((

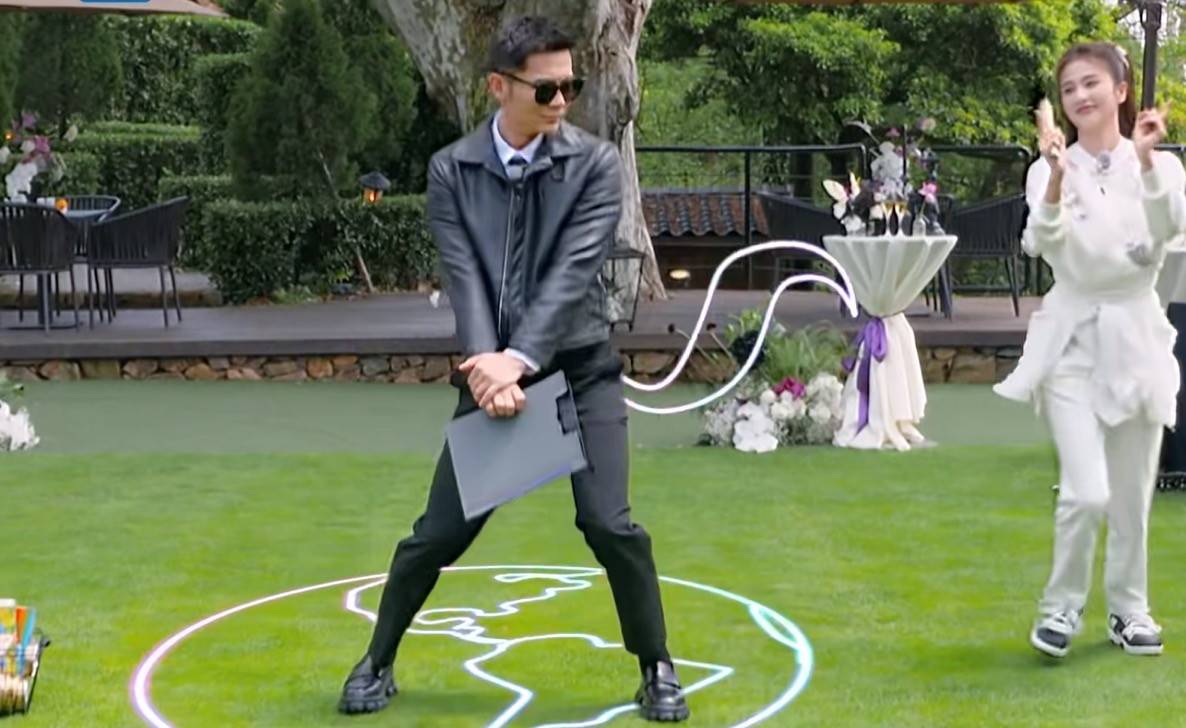 李晨接连出演了《长津湖》,《万里归途》等影片,哪怕演的都是配角,但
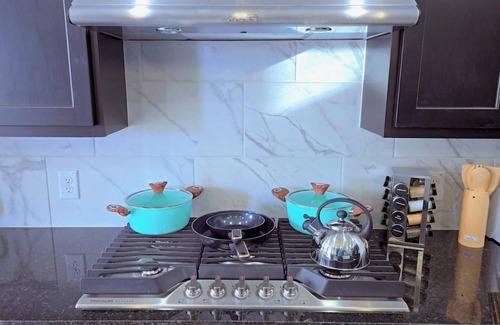 San Antonio House | Charming 4-bedroom house with AC, WiFi in superb San Antonio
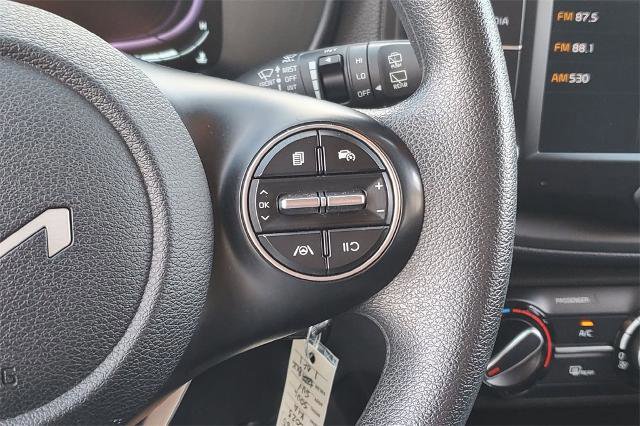 Used 2023 Kia Soul LX w/ LX Technology Package image 14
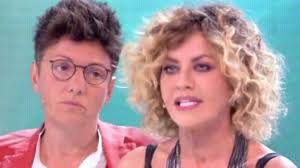 Laureata in matematica, dirigente settore ict, attivista lesbica dal 1988, mario. Eva Grimaldi E Imma Battaglia Retroscena Su Enzo Miccio Senza Parole Lanostratv
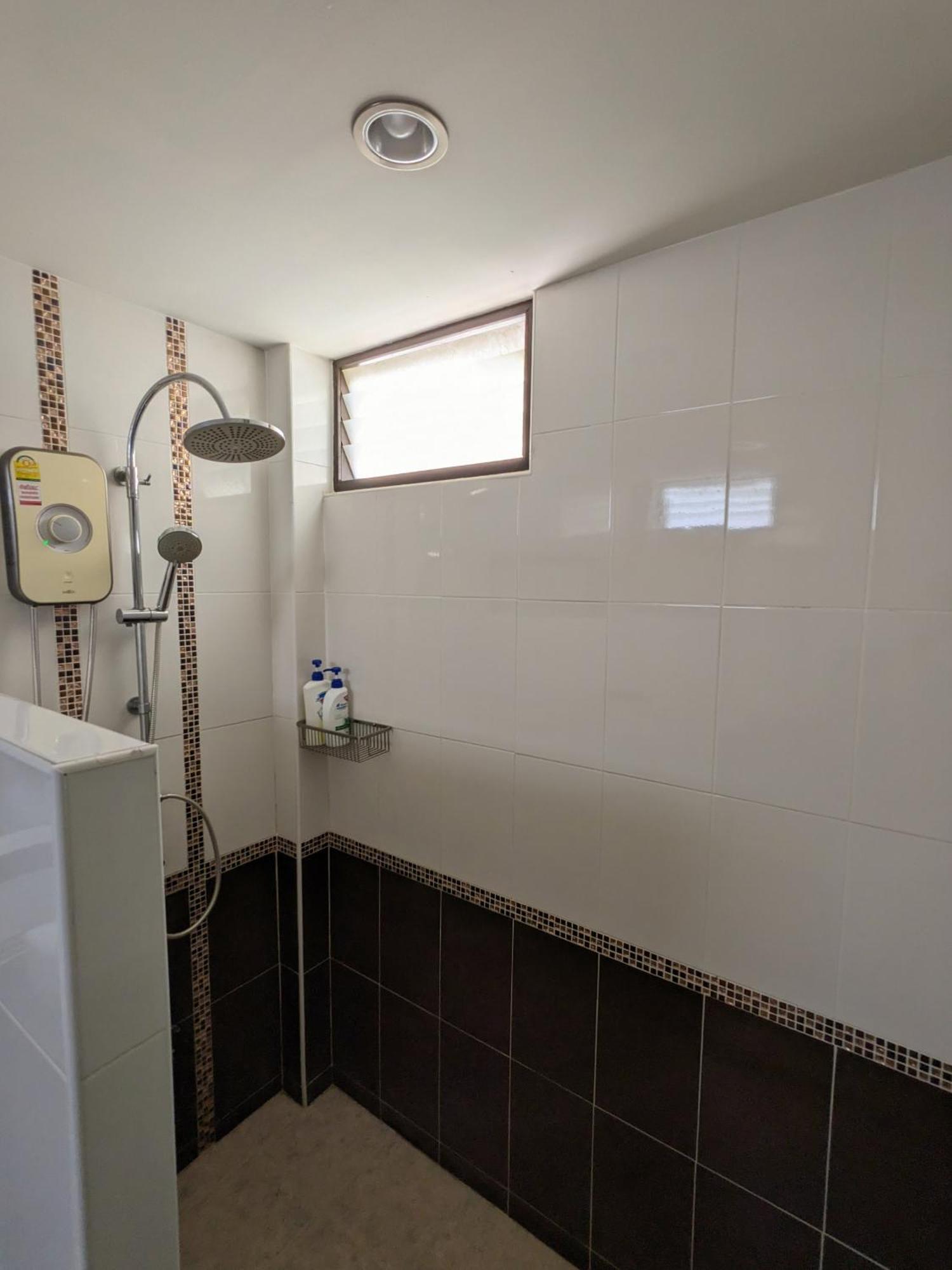 October Hostel Chiangmai Chiang Mai Zewnętrze zdjęcie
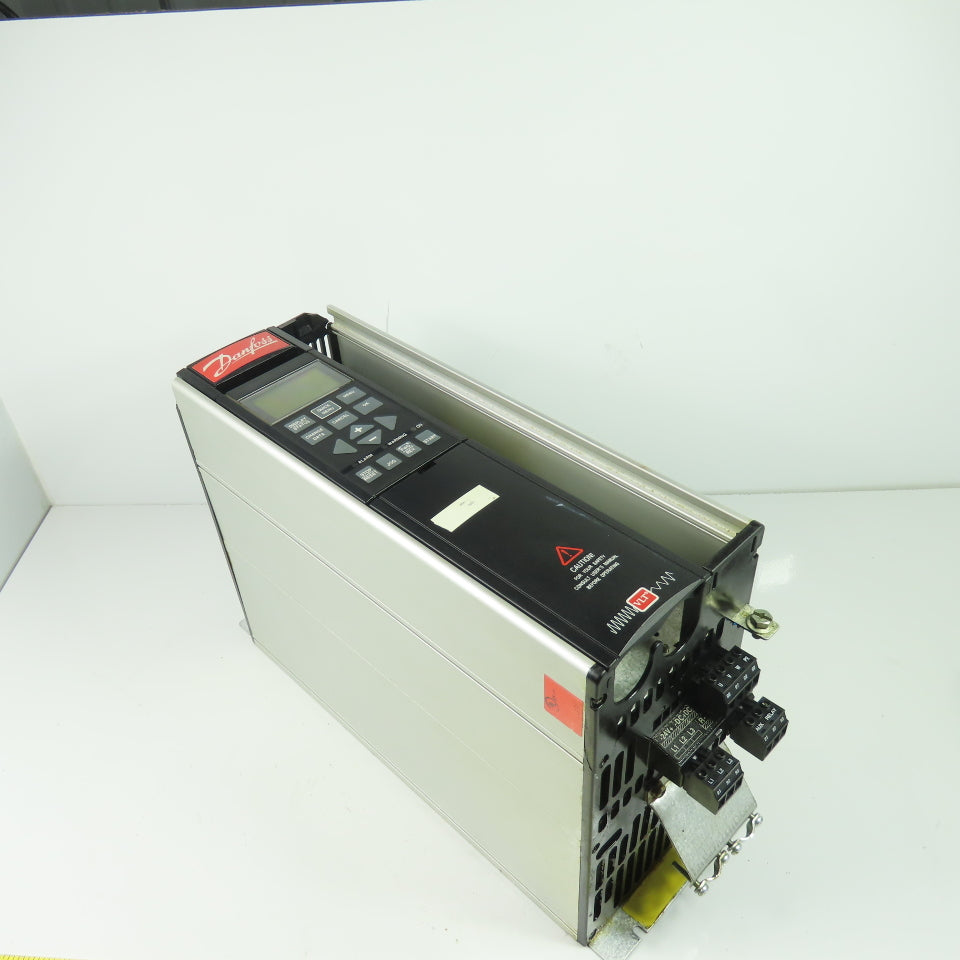 Danfoss VLT 3008 Variable Speed Drive 300-500V 50/60Hz 12.2A Input 7.5HP Out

))

• [Task item]: Omit the pictures. Transcribe word for word the lines from the one containing "October Hostel Chiangmai" through the end of the listing, inclusive.

• [Result for this task]:
 October Hostel Chiangmai Chiang Mai Zewnętrze zdjęcie
 Danfoss VLT 3008 Variable Speed Drive 300-500V 50/60Hz 12.2A Input 7.5HP Out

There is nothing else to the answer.